Task to carry out: Reproduce all of the entries character for character, while leaving out any pictures they contain.

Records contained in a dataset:
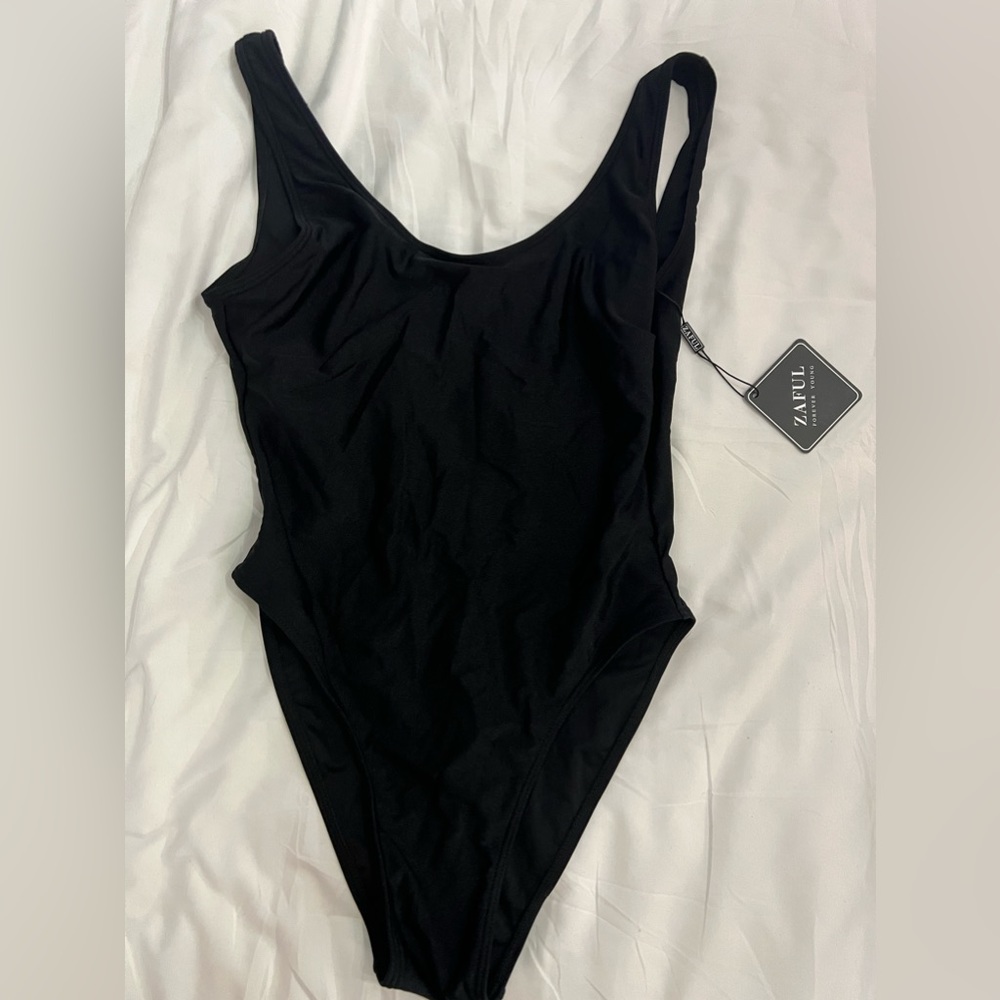 High rise cut ZAFUL black one piece bathing suit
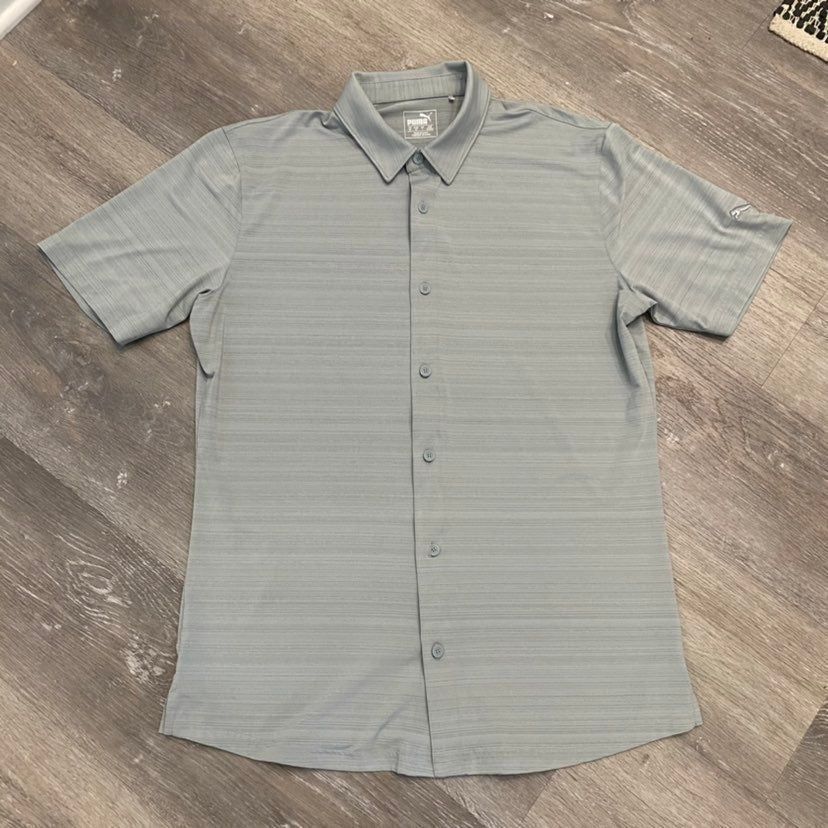 Puma Puma Grey Buttonup Polo Shirt Men Medium Bin G-6 Size US M / EU 48-50 / 2 - 1 Thumbnail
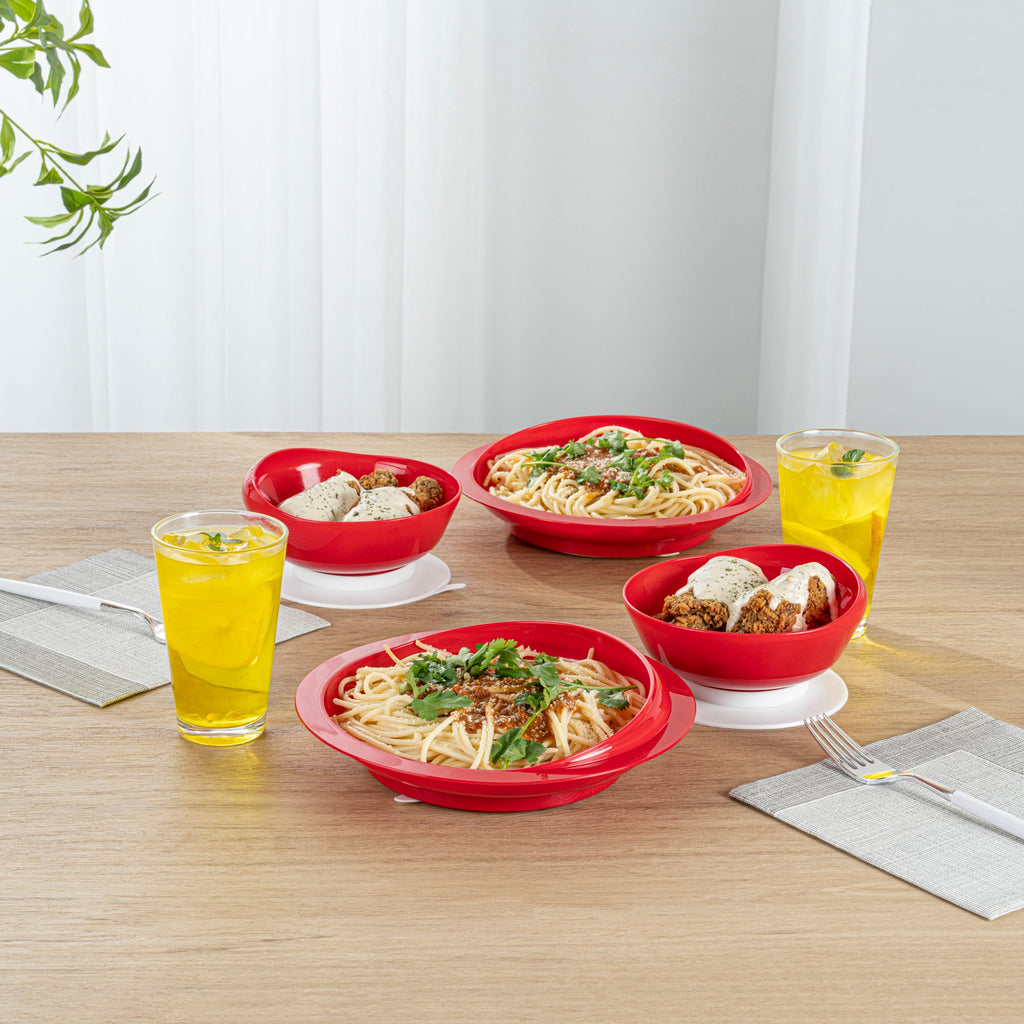 Adapt Tek Red Plastic 2-Piece Scoop Plate and Bowl Set - Spillproof, with Suction Base - Includes 20 Plates and 20 Bowls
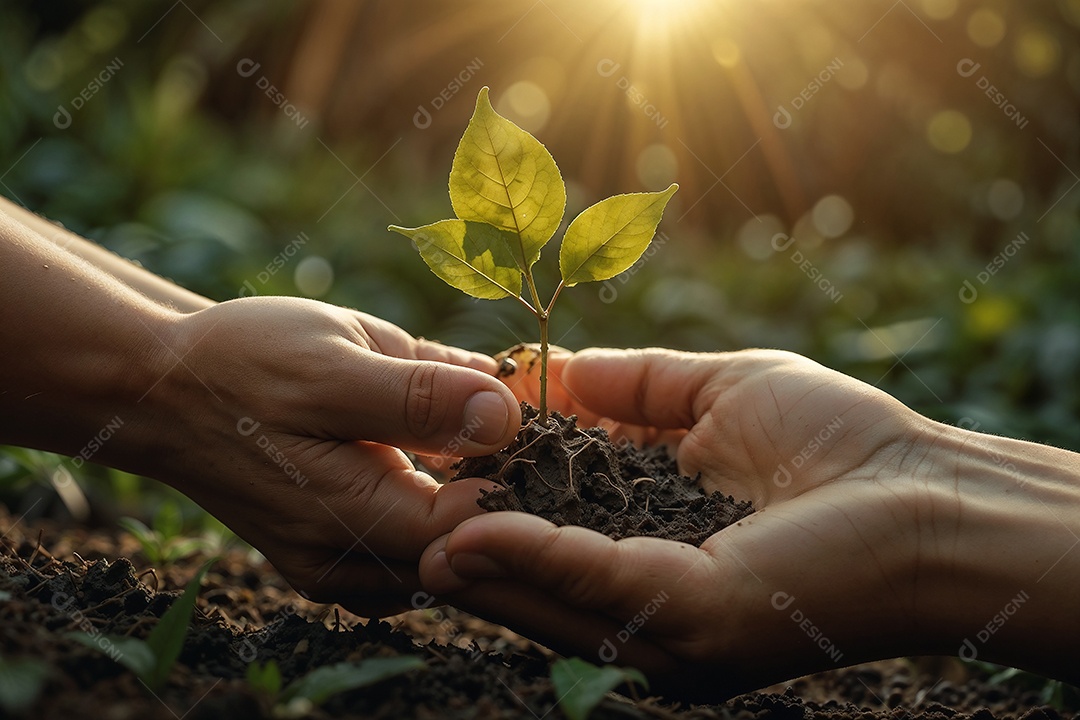 Mãos segurando uma pequena planta para ser plantada à luz do pôr do sol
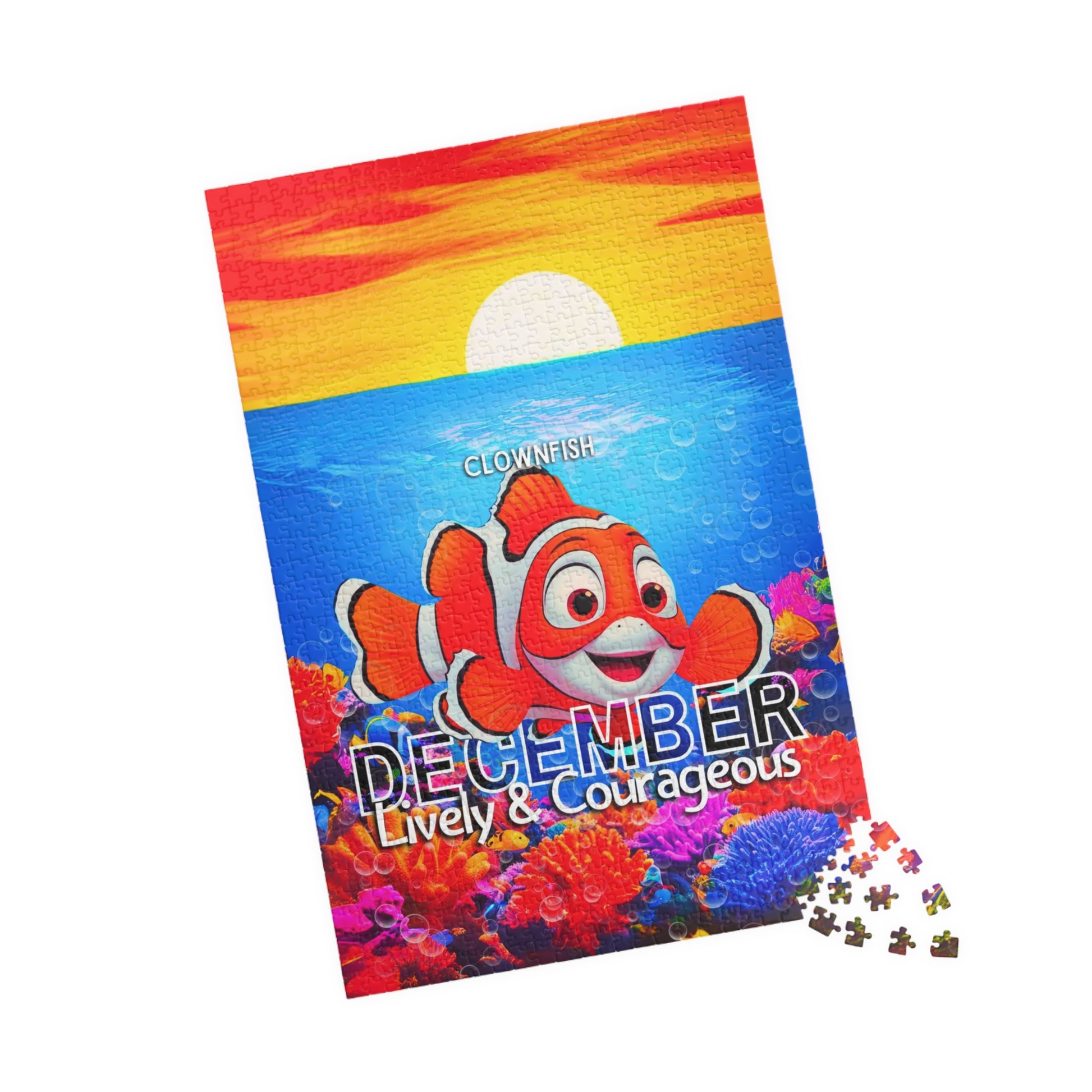 December kids birth month puzzle featuring a clownfish with colorful ocean background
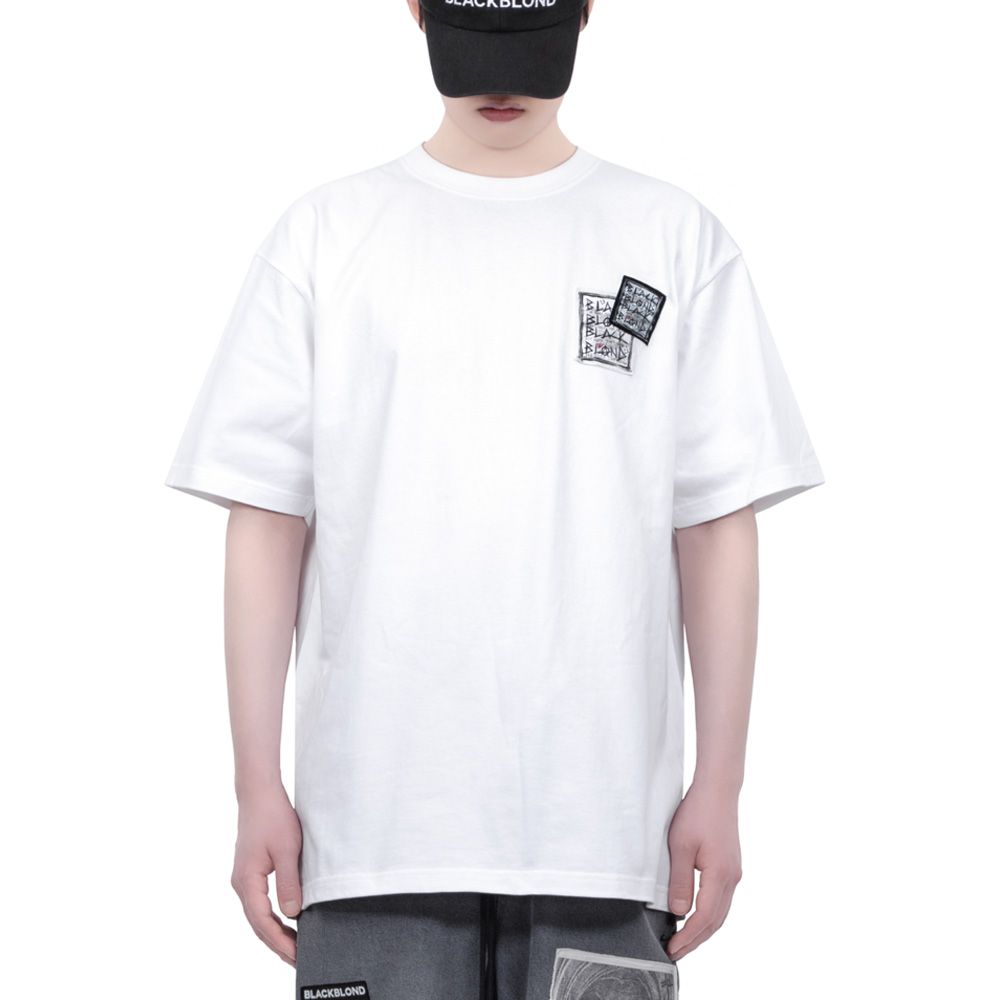◆BLACKBLOND◆ Vivid Disorder Patch T-Shirt White MUSINSA | BLACKBLOND Vivid Disorder Patch T-Shirt (White)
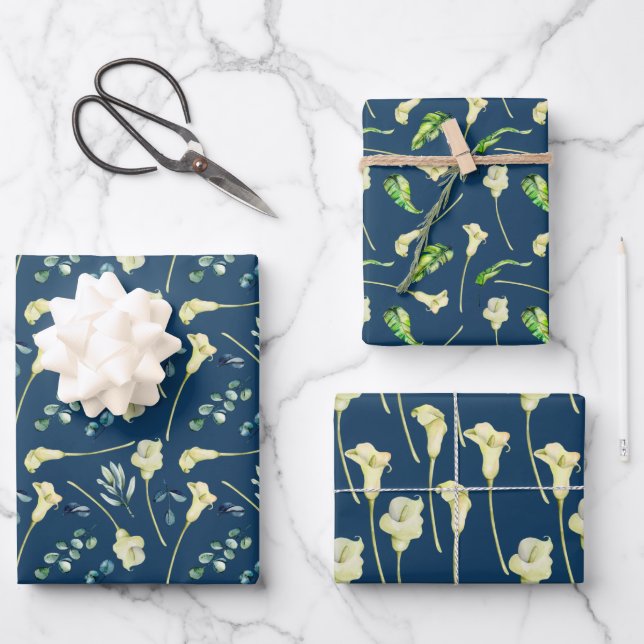 Cala Lilies und Eukalyptus Geschenkpapier Set (Vorderseite)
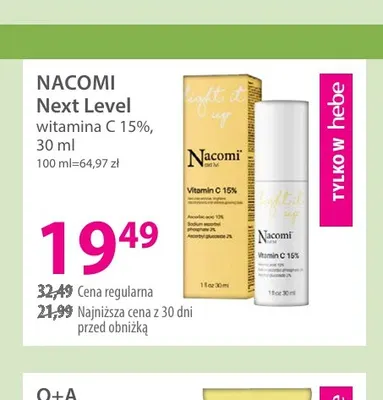 Serum z witaminą C 15% Next Level Nacomi promocja w Hebe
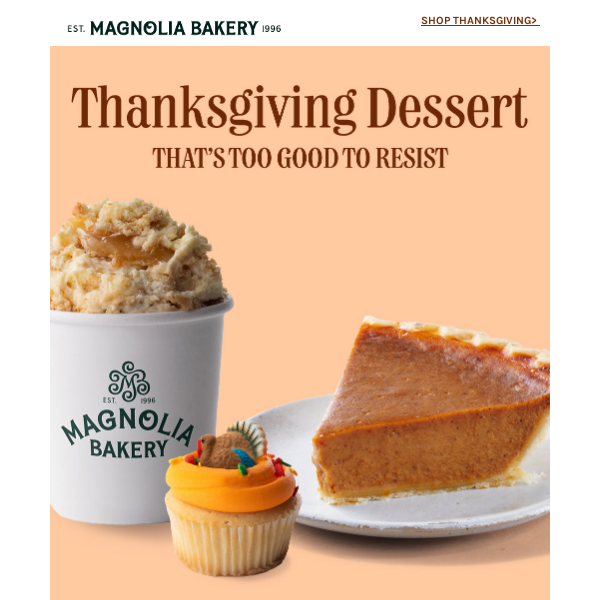 Thanksgiving is a week away! Order dessert. 🧁 🦃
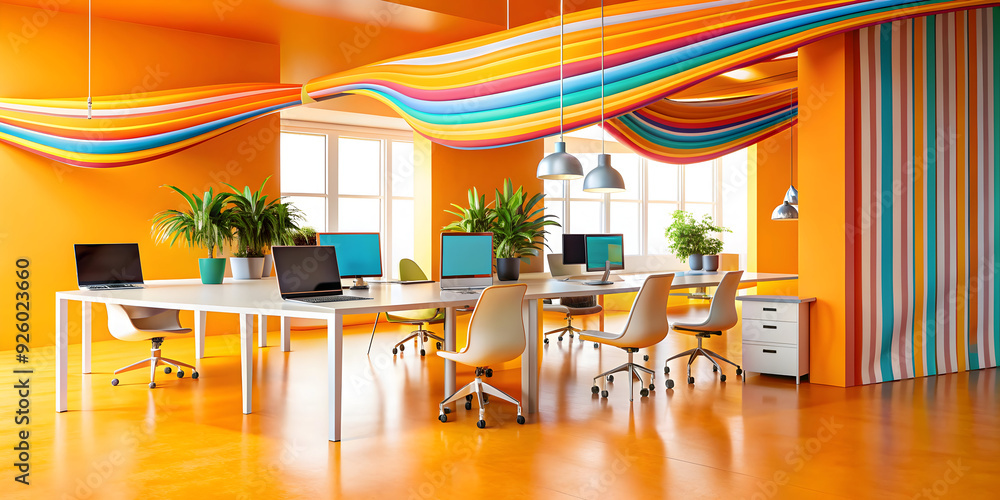 Poster dynamic abstract lines representing a flexible workspace concept. vibrant and glossy elements highli
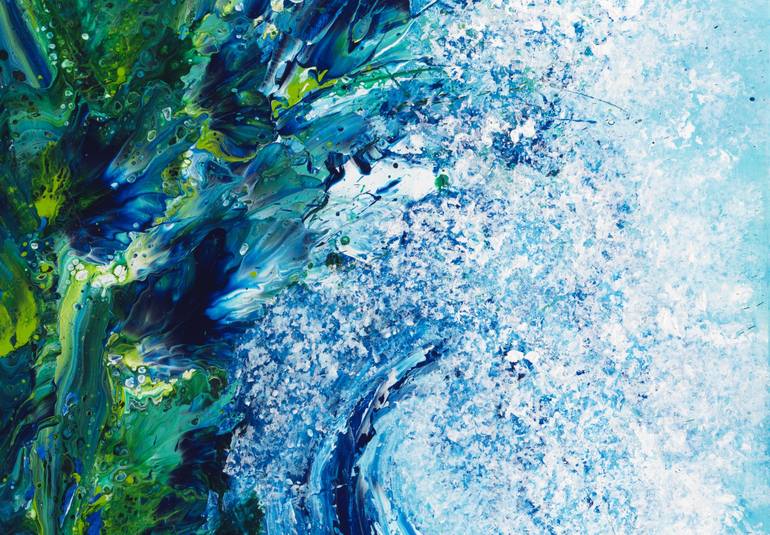 Original semi abstrait Seascape Painting by Joelle Kem Lika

Completed task:
 High rise cut ZAFUL black one piece bathing suit
 Puma Puma Grey Buttonup Polo Shirt Men Medium Bin G-6 Size US M / EU 48-50 / 2 - 1 Thumbnail
 Adapt Tek Red Plastic 2-Piece Scoop Plate and Bowl Set - Spillproof, with Suction Base - Includes 20 Plates and 20 Bowls
 Mãos segurando uma pequena planta para ser plantada à luz do pôr do sol
 December kids birth month puzzle featuring a clownfish with colorful ocean background
◆BLACKBLOND◆ Vivid Disorder Patch T-Shirt White MUSINSA | BLACKBLOND Vivid Disorder Patch T-Shirt (White)
 Cala Lilies und Eukalyptus Geschenkpapier Set (Vorderseite)
 Serum z witaminą C 15% Next Level Nacomi promocja w Hebe
 Thanksgiving is a week away! Order dessert. 🧁 🦃
 Poster dynamic abstract lines representing a flexible workspace concept. vibrant and glossy elements highli
 Original semi abstrait Seascape Painting by Joelle Kem Lika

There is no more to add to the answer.